** PROBLEM **
Copy exactly the lines from the start of the material through the line with "Un trabajador, subido". Pictures stay out of the copy.
=== DATA PROVIDED ===
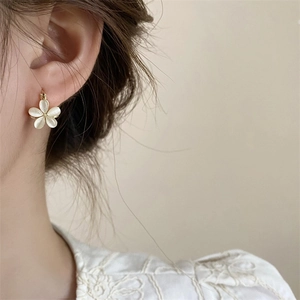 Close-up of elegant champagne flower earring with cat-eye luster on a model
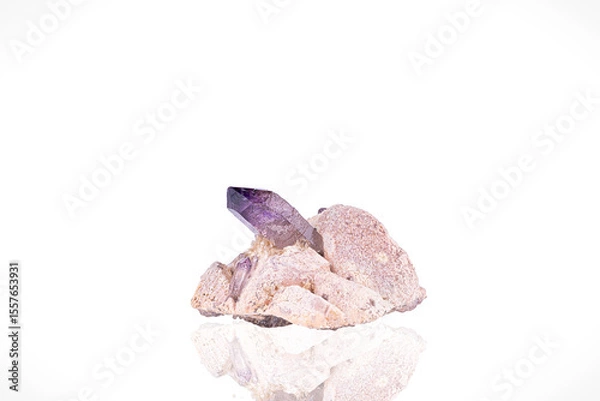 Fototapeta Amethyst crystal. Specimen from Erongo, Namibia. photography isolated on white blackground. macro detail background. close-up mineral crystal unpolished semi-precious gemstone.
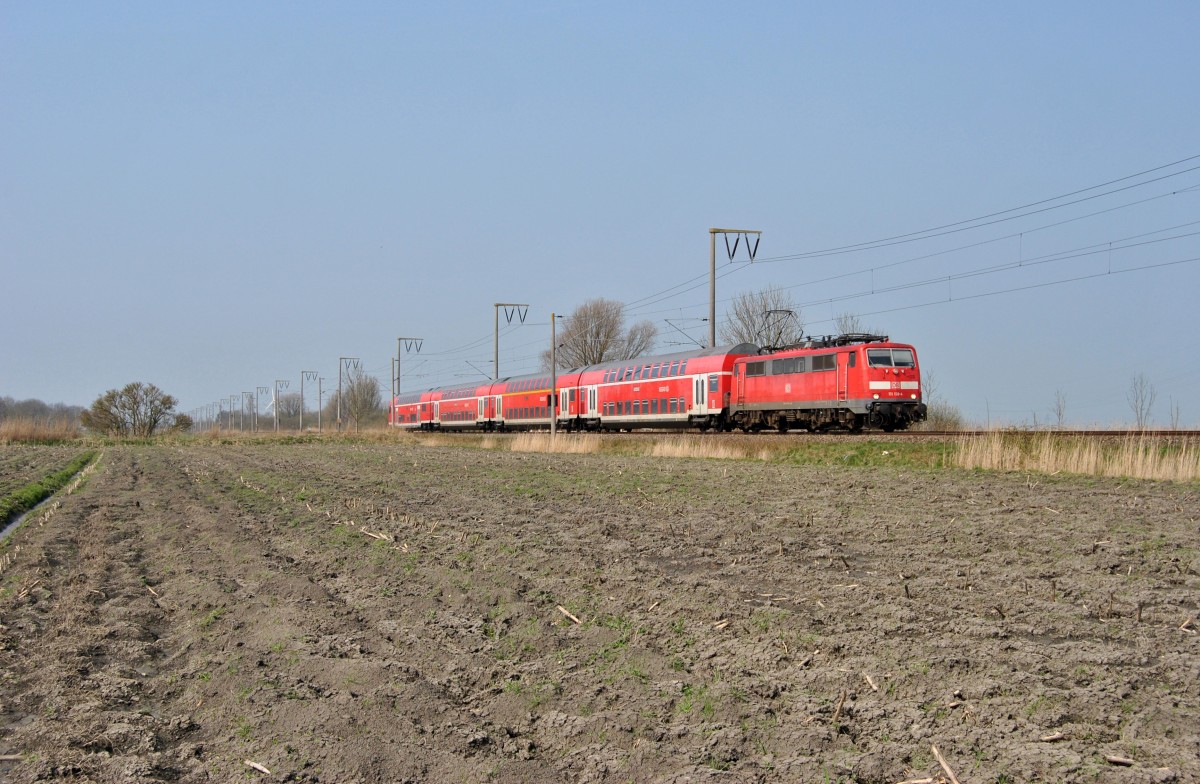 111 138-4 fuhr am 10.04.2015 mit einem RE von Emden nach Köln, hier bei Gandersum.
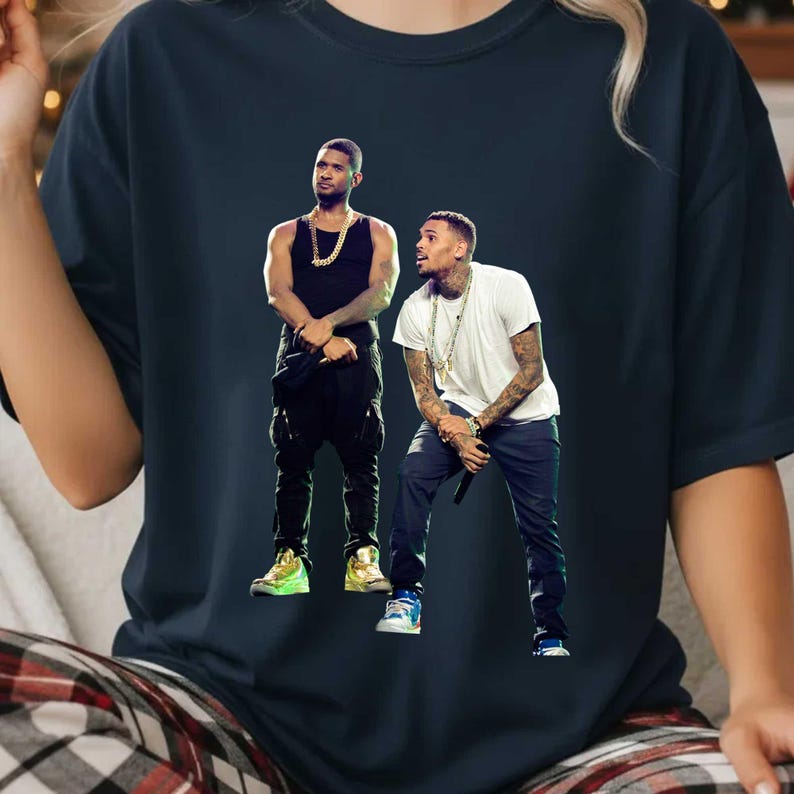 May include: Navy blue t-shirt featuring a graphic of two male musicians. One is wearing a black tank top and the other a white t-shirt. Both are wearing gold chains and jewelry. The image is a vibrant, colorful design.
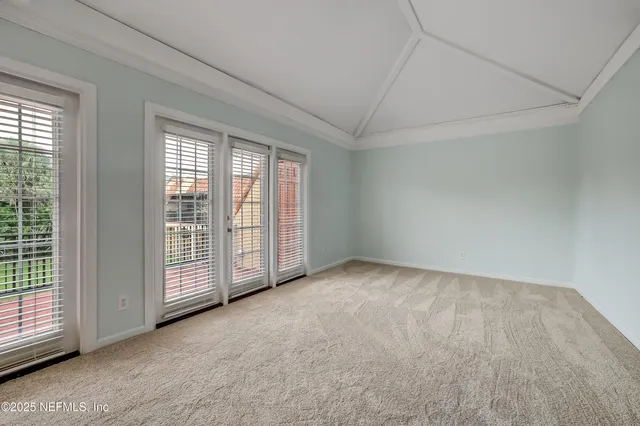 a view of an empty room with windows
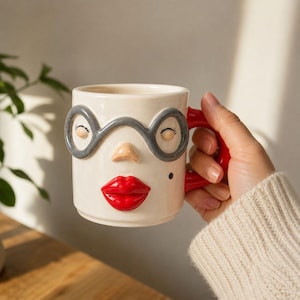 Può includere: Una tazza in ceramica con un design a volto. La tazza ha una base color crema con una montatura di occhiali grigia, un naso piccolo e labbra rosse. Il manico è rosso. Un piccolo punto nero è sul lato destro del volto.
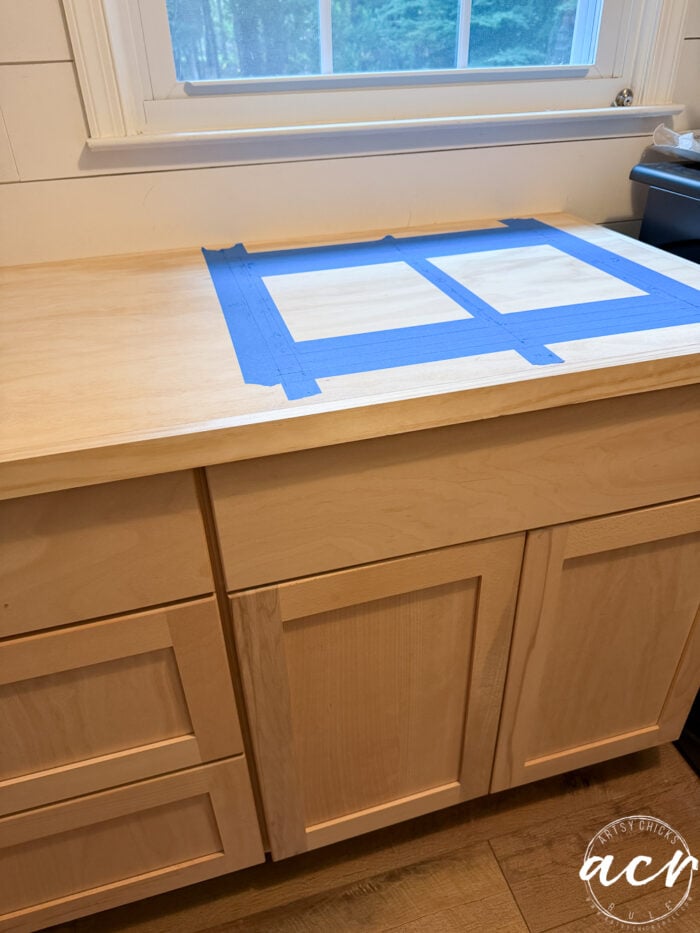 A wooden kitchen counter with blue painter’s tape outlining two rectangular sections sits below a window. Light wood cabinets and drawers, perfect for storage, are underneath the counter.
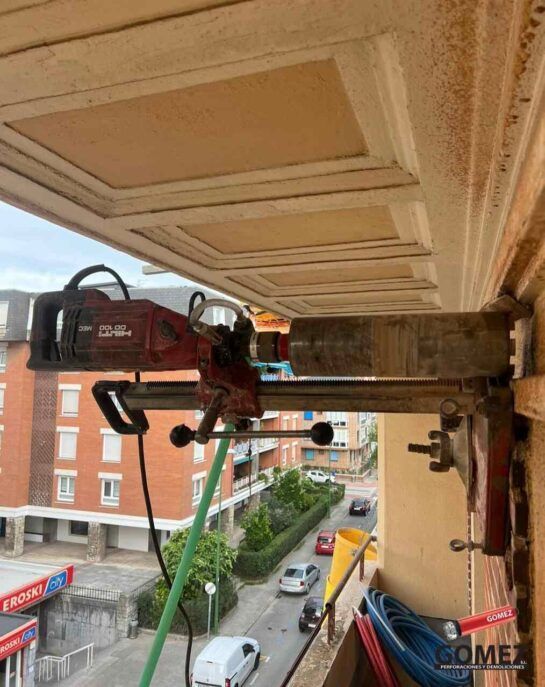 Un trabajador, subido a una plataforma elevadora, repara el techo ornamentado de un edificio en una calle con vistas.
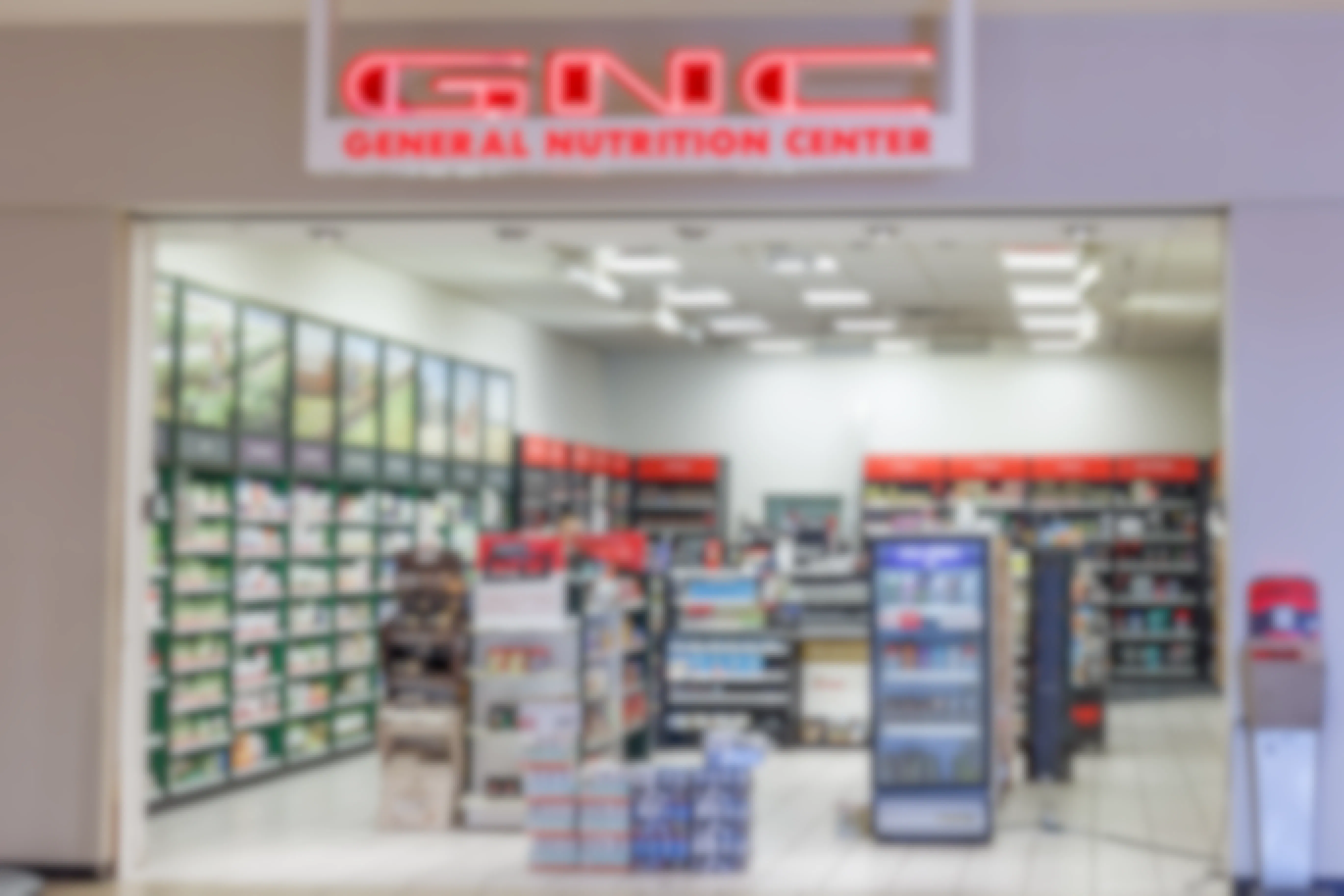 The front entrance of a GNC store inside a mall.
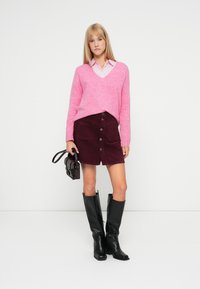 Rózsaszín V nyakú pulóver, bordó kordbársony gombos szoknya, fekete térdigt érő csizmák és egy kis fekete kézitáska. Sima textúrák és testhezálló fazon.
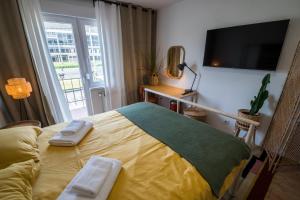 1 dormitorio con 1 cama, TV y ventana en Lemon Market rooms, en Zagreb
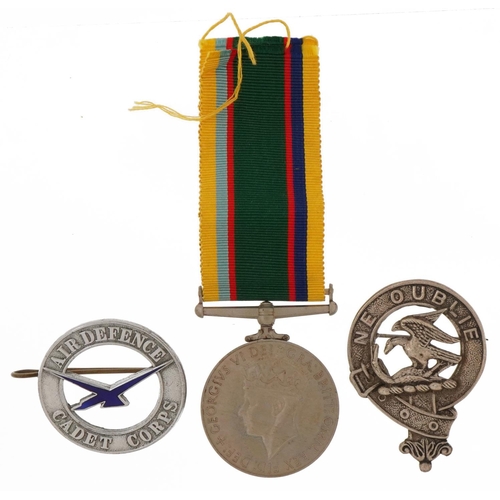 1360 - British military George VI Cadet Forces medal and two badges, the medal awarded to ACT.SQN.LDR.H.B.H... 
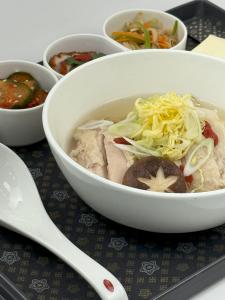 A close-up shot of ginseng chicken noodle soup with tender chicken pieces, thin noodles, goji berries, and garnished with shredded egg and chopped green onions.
===
** EXPECTED OUTPUT **
 Close-up of elegant champagne flower earring with cat-eye luster on a model
 Fototapeta Amethyst crystal. Specimen from Erongo, Namibia. photography isolated on white blackground. macro detail background. close-up mineral crystal unpolished semi-precious gemstone.
 111 138-4 fuhr am 10.04.2015 mit einem RE von Emden nach Köln, hier bei Gandersum.
 May include: Navy blue t-shirt featuring a graphic of two male musicians. One is wearing a black tank top and the other a white t-shirt. Both are wearing gold chains and jewelry. The image is a vibrant, colorful design.
 a view of an empty room with windows
 Può includere: Una tazza in ceramica con un design a volto. La tazza ha una base color crema con una montatura di occhiali grigia, un naso piccolo e labbra rosse. Il manico è rosso. Un piccolo punto nero è sul lato destro del volto.
 A wooden kitchen counter with blue painter’s tape outlining two rectangular sections sits below a window. Light wood cabinets and drawers, perfect for storage, are underneath the counter.
 Un trabajador, subido a una plataforma elevadora, repara el techo ornamentado de un edificio en una calle con vistas.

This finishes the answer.